Presentation 19
Presentation 19
Basic Information
• The Schools seven buildings house nine classrooms and a library on a sloping site.
• Unique settings for education have been created to occur within a mix of interior rooms, exterior
teaching areas - some of which are covered by sloping roofs
• Terraced play spaces for children.
Site and Site Access
• The Umubano School is located in an area called Kabeza close to the main road to the airport.
• The precise location is the former village of Nyarurembo, which has become an integrated
neighborhood of the city of Kigali.
• The school is built on a hillside.
• The slope is pretty steep (more than 45° in some places so the architects had to find a solution to
cope with the difficult topography.
• Access is very difficult because of the steep slope of the hill of Kabeza . The school can be
accessed by cars, "moto-taxis" and foot.
Surroundings
• The neighborhood is composed of individual houses located on single pieces of land of different
sizes, most of them over 300 square meters.
• These houses have an individual design but all of them relate to architectural references close to
cottages and housing that can be found in the Western world.
• A small bridge has been built that allows direct connection between this area and the school
• There is no sewerage system in the neighborhood.
Building Description
• The school is composed of seven buildings with nine classrooms, an administrative block and a
library that is designed to accommodate a computer center, for a total area of 900 square
meters.
• The computer center will be functional only when the school can buy or is offered computers. For
the moment that place is used as a storage room.
• The massing is designed over five platforms that solve the steep slope issues. Each platform is
dedicated to a specific group of children or to a specific activity
• This made it possible to retain the slope and thus continue to merge into the general image of
the neighborhood.
• Sewerage is not provided in the area. The latrine blocks have "individual" sewerage systems.
Design Features (Response to physical constraints)
• The outdoor space for need to adapt the school to the topography of the site led to the definition
of platforms, each of them designed to accommodate two or three classrooms, with a specific
platform for the administration and the library.
• These platforms are linked by a walkway that communicates smoothly with the different "levels"
of the project.
• In addition, these platforms constitute both separate "courtyards" and play areas (to reduce the
risk occurring from mixing children of different ages in the same area) and extra tuition.
Design Features(Response to users requirement)
• The landscaping is an essential part of this project. Outdoor space is used by the children during
breaks and every now and then by the professors during their classes.
• The organization of the space as "stages" allows the outdoor space to be used a bit like an
amphitheater. materials and the greens of the space help create a continuity of the outside space
with a central "flow" of nature that makes the landscaping a very important part of the project.
• The vegetation on the slopes helps stabilize the hillside and prevents serious mudslides after
rainfalls.
• Organizing the area into platforms also cleverly diminishes the quantity and speed of water
directly flowing down the slope
Construction And Materials
• A breast wall is set at the top of the site for general stabilization. As for all foundation walls, this
structure is drained. Retaining structures and foundations are made of stone and cement.

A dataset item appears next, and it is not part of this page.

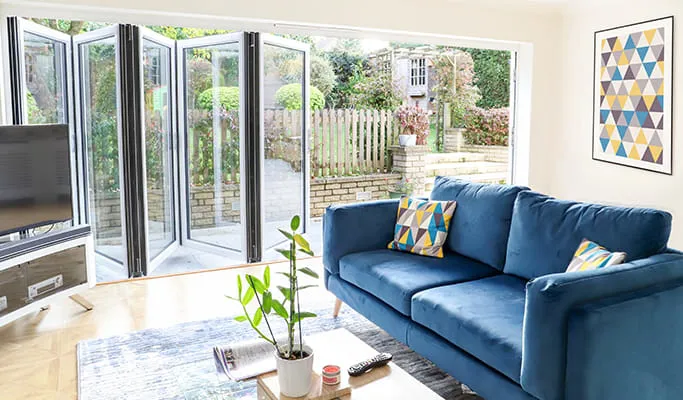 Everest conservatory with blue sofa and patterned cushions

• The vertical structure is a combination of concrete poles and beams (against the slope, which
form part of the retaining structure), steel structures (for the outdoor overhangs of roofs) and
structural walls.
• The roof structure is made of single steel tubes, and the roof itself is made of corrugated metal
sheets.
• The infill walls also play a structural role. They are made of stabilized-earth
bricks. • Doors are made of metal frames with thatching infills.
• Reed ceilings are installed in every room.
• Most of the walls are not plastered and are similar to the majority of
unplastered walls in Rwanda.
Lighting And Ventilation
• Lights used to penetrate through the brick hollows and also make interesting effect at afternoon.
Also penetrate through the ceiling and window
• Though the ventilation was tough due to the hill against north-east wall of the building and slope
of the site. So direct cross ventilation can not be provided
Climatic Performance
• Though it was difficult to ensure cross ventilation because of the slope and the fact that the walls
"against" the slope were used as retaining structures, the difference of height between the top of
the two pitches that constitute the roof allow upper ventilation.
• That gap is protected by a corrugated plastic clerestory, which adds to the quality of the light
inside.
• Thatched doors increase the ventilation of the classrooms, as do the "holes" in the walls created
by the areas of brick patterning.
• Kigali suffers heavy rainfalls.
• Therefore the site design was planned to limit erosion of the hill since the different platforms will
slow the flow of rainwater.
• The walkways were another response to this problem as they create a less sloppy way down the
hill
Conclusion
• The school is mainly built as a low cost school so that they can reduce the
illiteracy.
• Creative uses of exterior teaches space and interior space is visible in the design.
• Local materials and natural ventilation is also there to balance the design.